Supplied entries
———

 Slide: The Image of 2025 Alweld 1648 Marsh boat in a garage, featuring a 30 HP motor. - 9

———

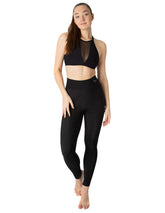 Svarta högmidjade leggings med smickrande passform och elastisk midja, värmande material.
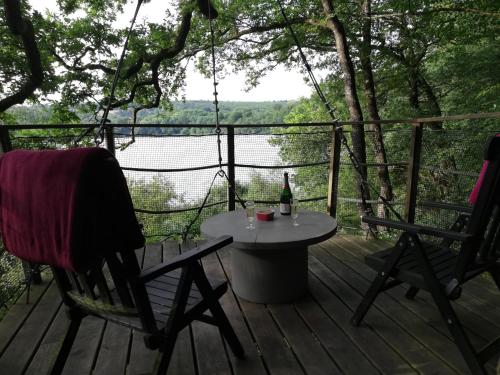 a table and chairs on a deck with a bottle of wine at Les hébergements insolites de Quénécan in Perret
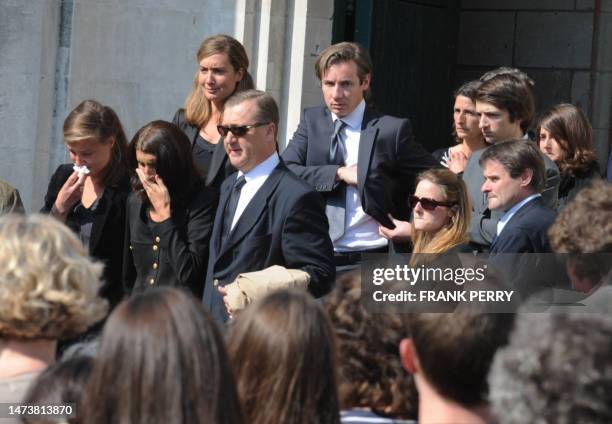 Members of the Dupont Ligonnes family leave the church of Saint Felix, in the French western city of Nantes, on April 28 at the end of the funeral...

———

Work order
Exactly reproduce the lines above, starting at the one that contains "a table and" and ending at the one that contains "Members of the", both inclusive; leave the pictures out and add no other lines.

The answer
 a table and chairs on a deck with a bottle of wine at Les hébergements insolites de Quénécan in Perret
 Members of the Dupont Ligonnes family leave the church of Saint Felix, in the French western city of Nantes, on April 28 at the end of the funeral...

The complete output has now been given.